* [THE TASK]: Copy exactly the lines starting at the one that contains "3 Seater Modern" and running through the end of the material below. Exclude any pictures.

* [TASK DATA]:
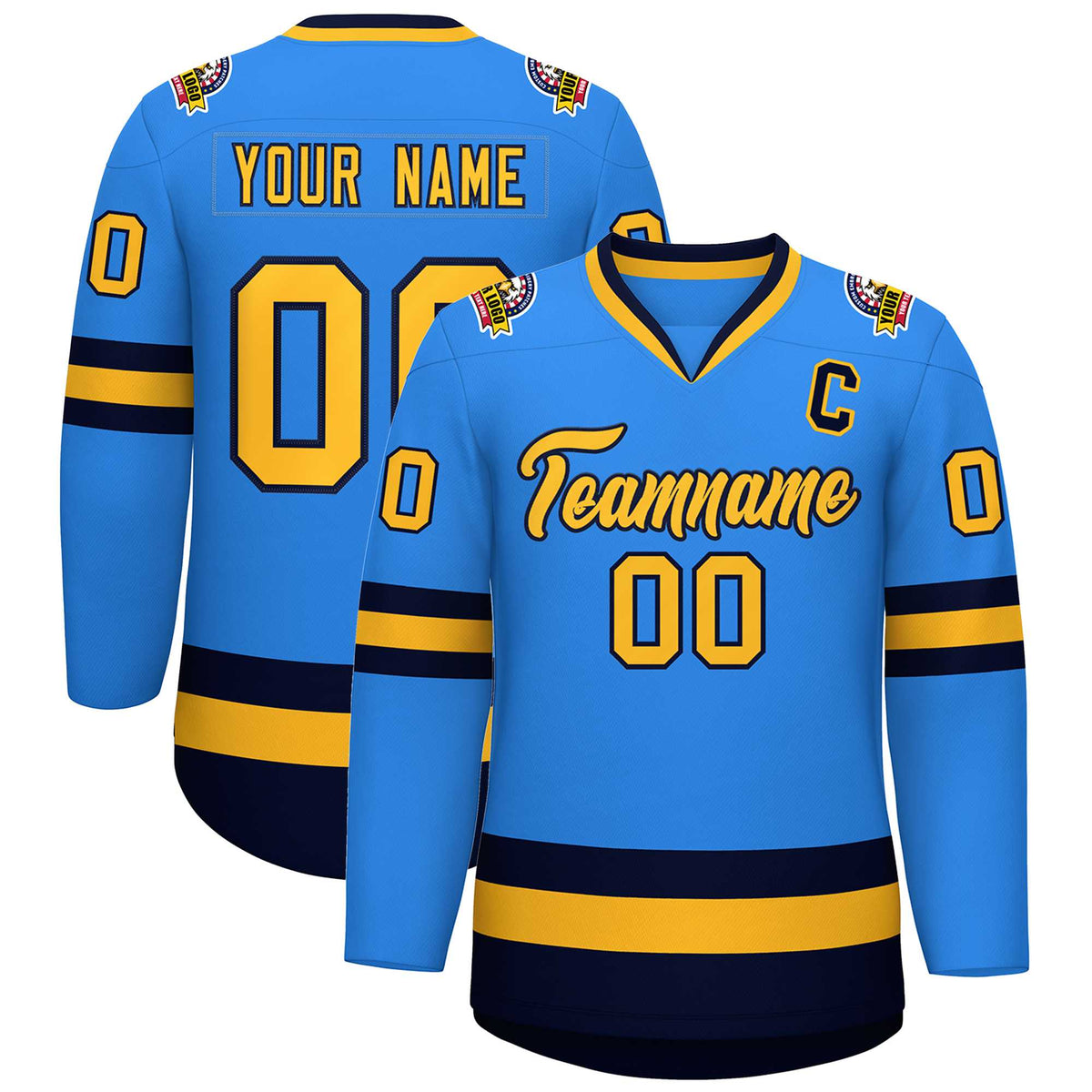 Custom Powder Blue Gold-Navy Classic Style Hockey Jersey | KXKSHOP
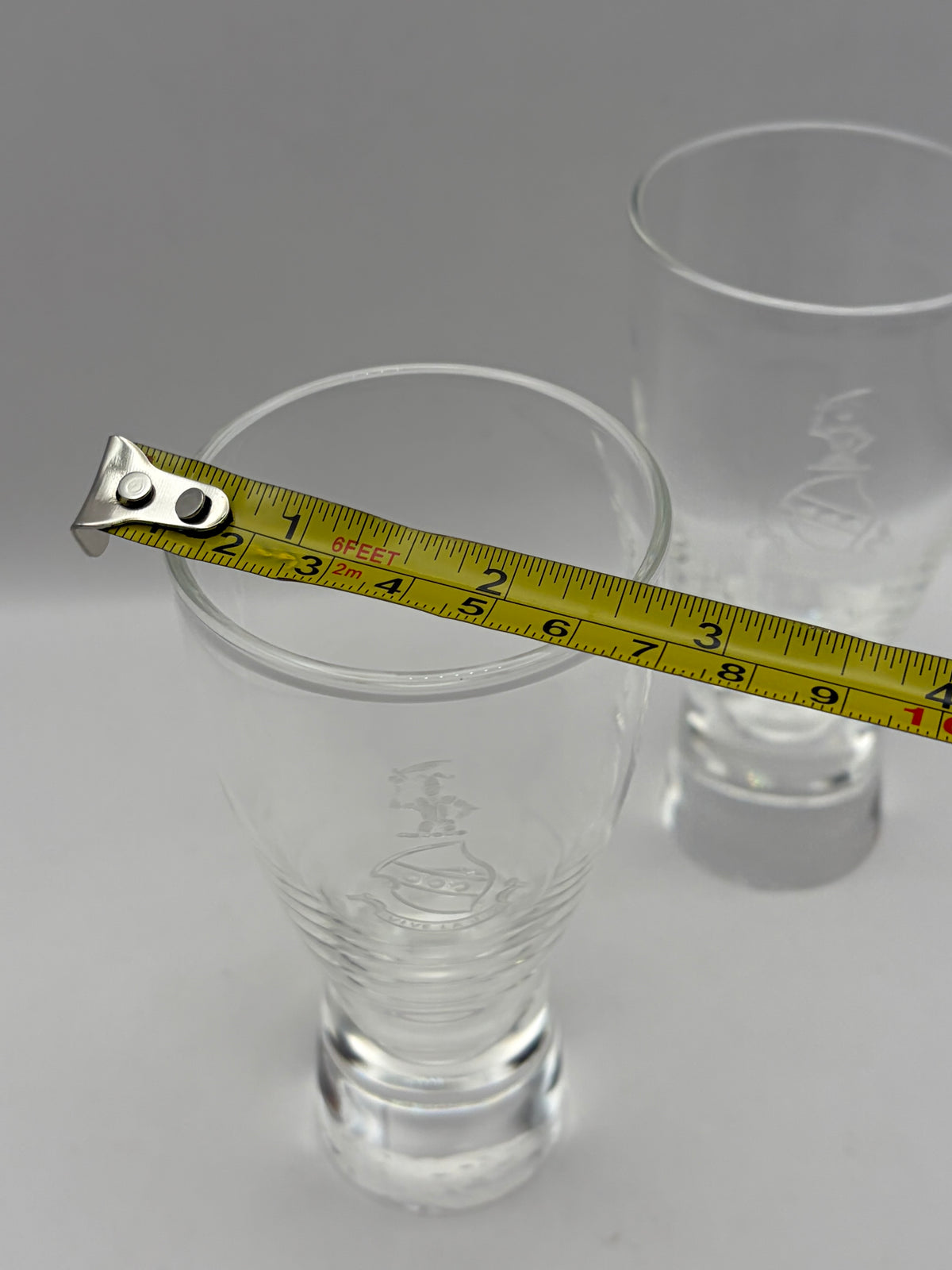 Steuben Fireball Etched Clear Glass Shot Glasses Set of 2, 4.75" H x 2.25" Dia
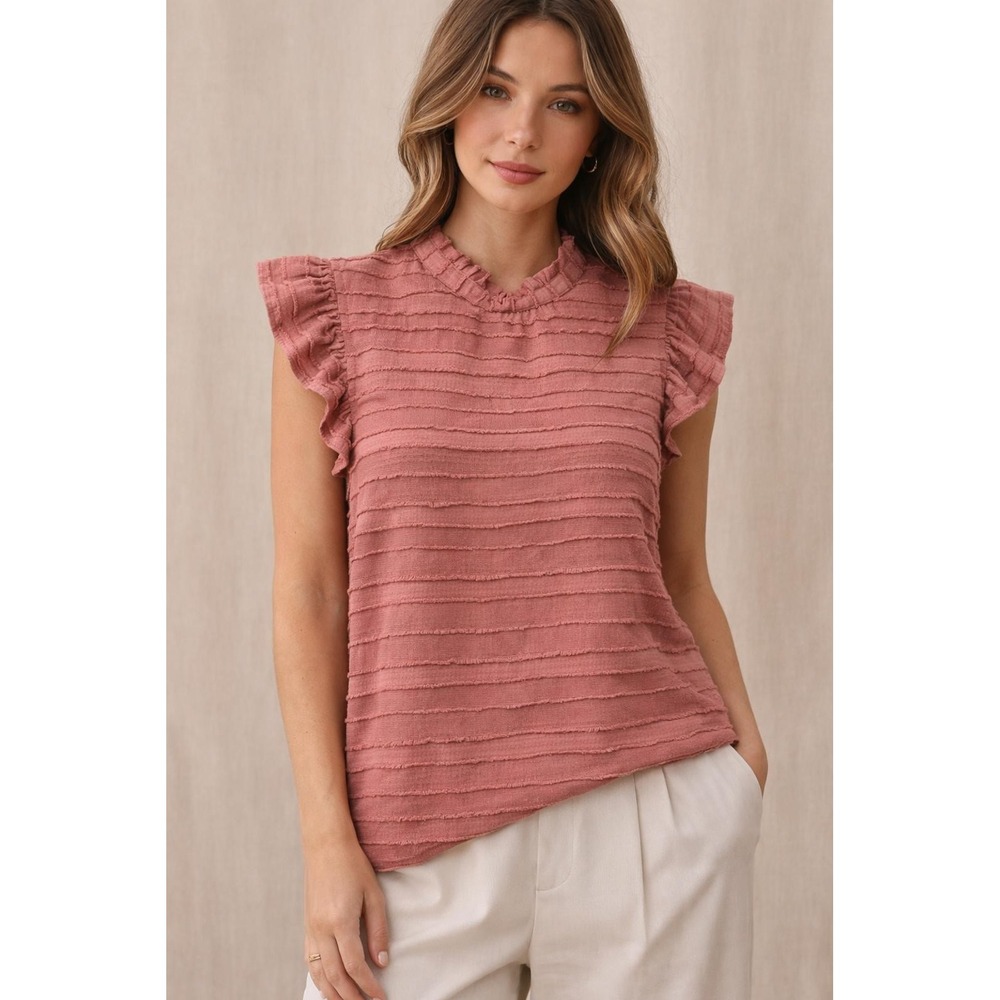VOY Ruffle Flutter Sleeve‎ Textured Stripe Top Dusty Rose Size S Boho Blouse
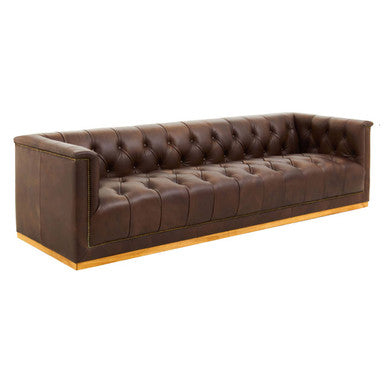 3 Seater Modern Chesterfield Dark Brown Leather Sofa, King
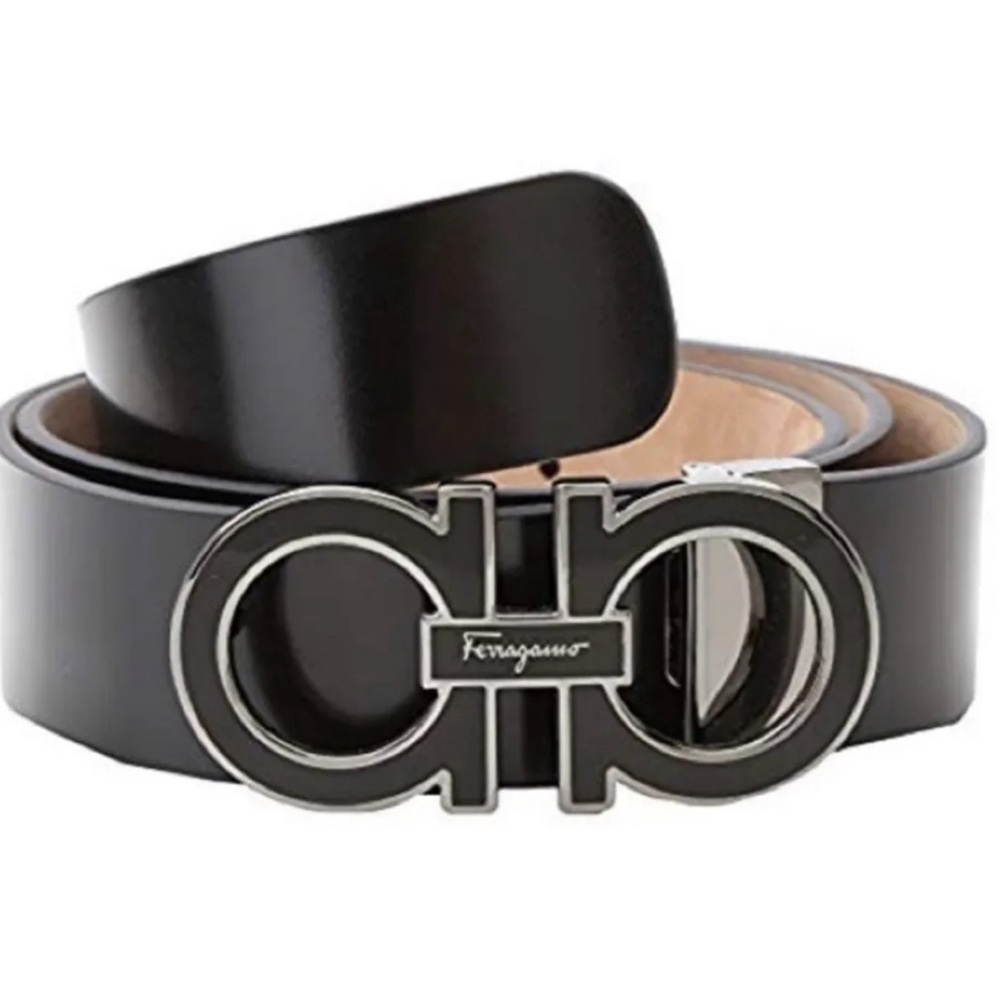 Salvatore Ferragamo black Leather belt Size 36  (90 cm)  SP-67 8867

* [SOLUTION]:
 3 Seater Modern Chesterfield Dark Brown Leather Sofa, King
 Salvatore Ferragamo black Leather belt Size 36  (90 cm)  SP-67 8867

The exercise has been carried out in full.